Fritz Fischer raised several interesting ideas in his article on regrouping EU countries' representation in the IMF and World Bank. They concern three different problems, each requiring separate examination.
The first relates to the mandate given more than 60 years ago to the Bretton Woods Institutions (BWI), and the way they are governed. It is a topic that arises regularly as the globalisation process progresses and the world economic map undergoes profound changes. The last time such a debate took place in earnest, at the end of 1990s after a series of dramatic currency crises in Mexico, East Asia, Russia and Brazil, it resulted in greater openness at both the IMF and the World Bank. It also produced a broader surveillance mandate for the IMF in respect of the Special Data Dissemination Standard (SDDS) and its reports on the Observance of Standards and Codes (ROSCs) of individual IMF members. The basic mandate and governance structures of both institutions have, though, remained intact.

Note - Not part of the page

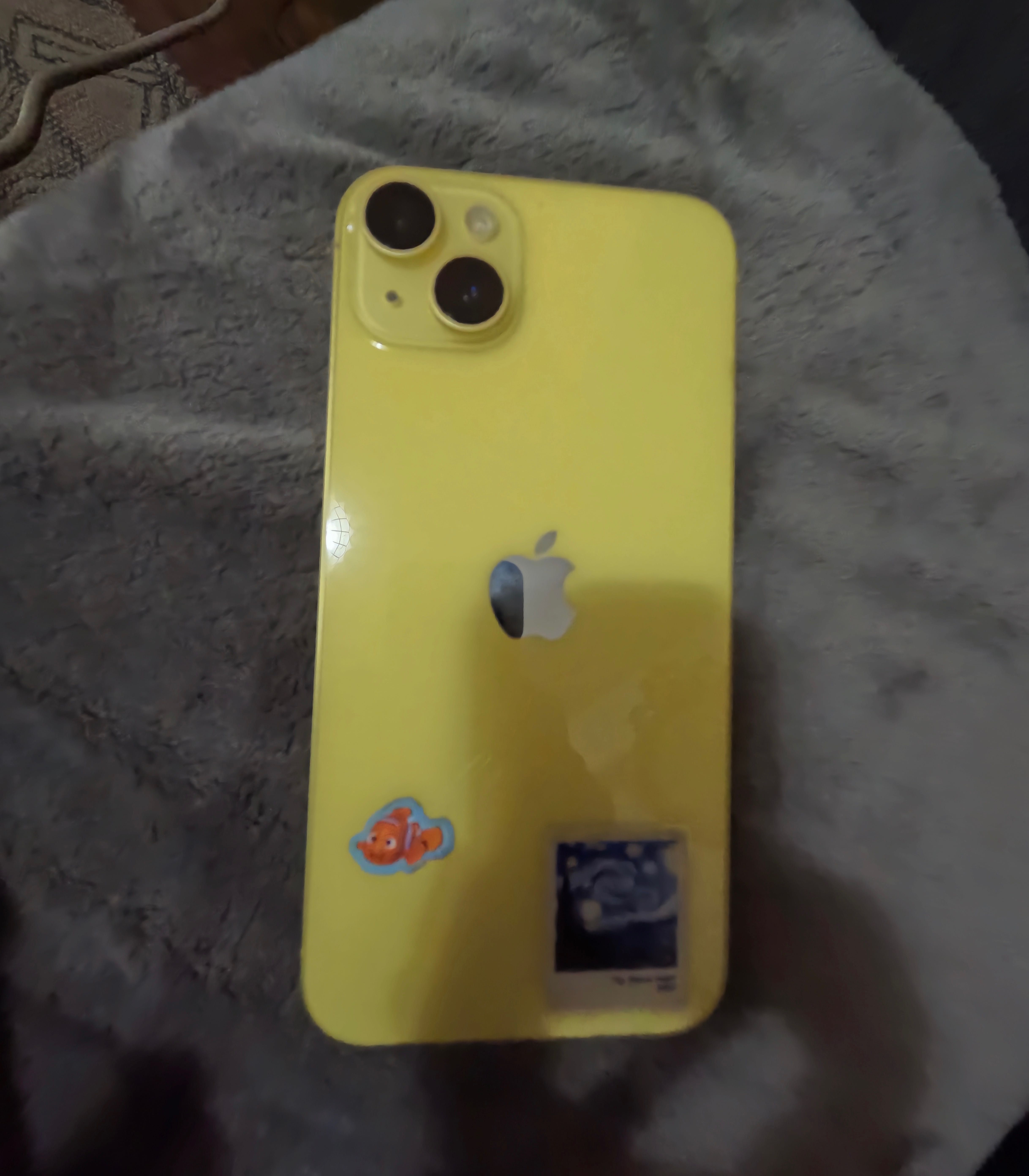iPhone 14 plus ESIM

The globalisation process undoubtedly calls for greater attention to be paid to the regional and global implications of individual countries' policies. The IMF and World Bank remain the best candidates for addressing these issues, although they have concentrated so far on policy surveillance, policy advising and providing financial aid to individual members, while often overlooking the regional and cross-country consequences of their policies. For example, when the IMF gives advice on the choice of exchange rate regime in an individual country, it does not always take into account “network externalities” for its neighbours and major trade partners. This is somewhat surprising, as the IMF’s original mandate was to facilitate exchange rate stability and discourage competitive devaluations that do so much damage to international trade.

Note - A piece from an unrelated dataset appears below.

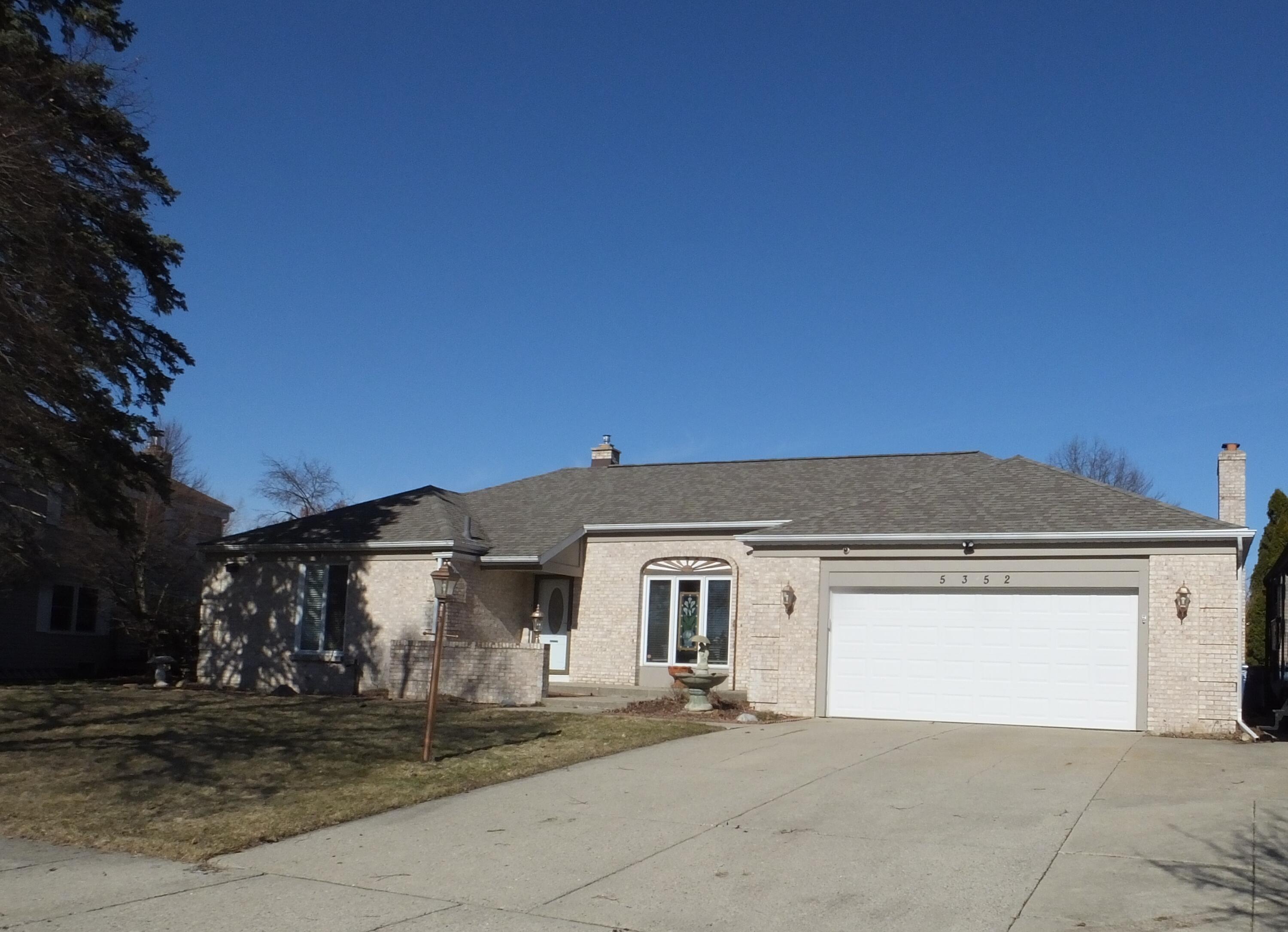 Queensbury Dr Se, Grand Rapids, MI 49508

Reviewing and updating the mandates of both institutions is therefore the first issue to be discussed, and only then should this be followed by an analysis of their governance structures. This analysis would include the potential for consolidating some governance bodies with analytical and functional units, where they overlap.
Regarding voting powers, I would be against giving more weight to population numbers and less weight to economic potential. But the periodic revision of member quotas as determined by the IMF Articles of Agreement should create enough room to reflect changes in the world economic map and the rising potential of some emerging-market economies. This could also be a good opportunity to re-interpret the EU (or eurozone) internal trade flows that would (as Fritz Fischer suggests) lead to a relative decrease in the EU countries' quotas and voting power. The number of executive directors and the consolidation of EU representation in a few “pure” constituencies seems to me to be less important. If one takes into consideration additional aid by developed countries to less developed partners in the “mixed” constituencies (the examples of the Netherlands, Switzerland, Belgium and Austria spring to mind) this kind of consolidation may not necessarily be beneficial to low-income countries.

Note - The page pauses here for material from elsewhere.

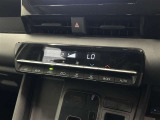 オートエアコンは温度を設定するだけで、自動で風量などを設定してくれます。運転しながら操作も必要ないので、安全性も向上します。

The second group of problems relates to the EU's potential contribution to reshaping the global economic order. The Union could undoubtedly be more generous and less egoistic. Looking at the real needs of Europe’s less developed partners, a truly generous offer in the WTO's global trade negotiations, or a more flexible immigration policy, are more important than a new representation pattern in the BWI executive boards, especially as most of their decisions are taken using a consensus mechanism.
Third and last, from an EU perspective this is certainly a common foreign policy matter rather than an economic and financial one, and in this respect Fritz Fischer is absolutely right. But the EU's mandate to conduct a common foreign policy is still relatively weak, and will remain so under the current treaty arrangements. Looking ahead, there are other more urgent priorities on the EU's foreign policy harmonisation agenda than the rather symbolic issue of consolidating the EU's representation in the IMF and World Bank.